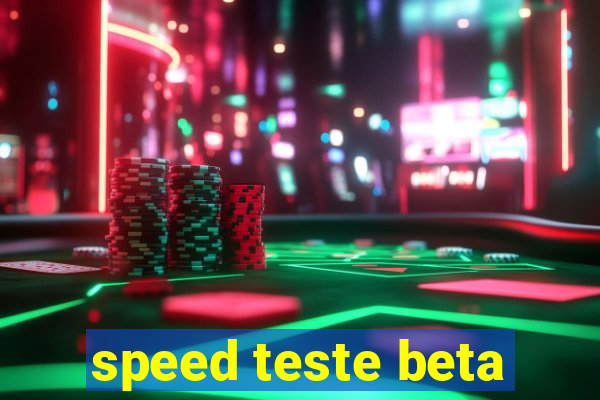 speed teste beta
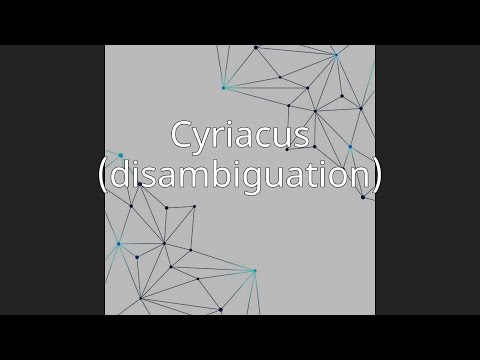 Cyriacus (disambiguation)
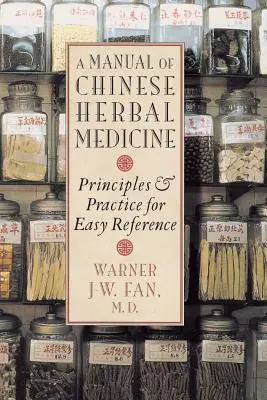 Podręcznik chińskiej medycyny ziołowej - Manual of Chinese Herbal Medicine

PROBLEM STATEMENT ▸ Copy the data word for word, no pictures.

THE COMPLETED TASK ▸
 speed teste beta
 Cyriacus (disambiguation)
 Podręcznik chińskiej medycyny ziołowej - Manual of Chinese Herbal Medicine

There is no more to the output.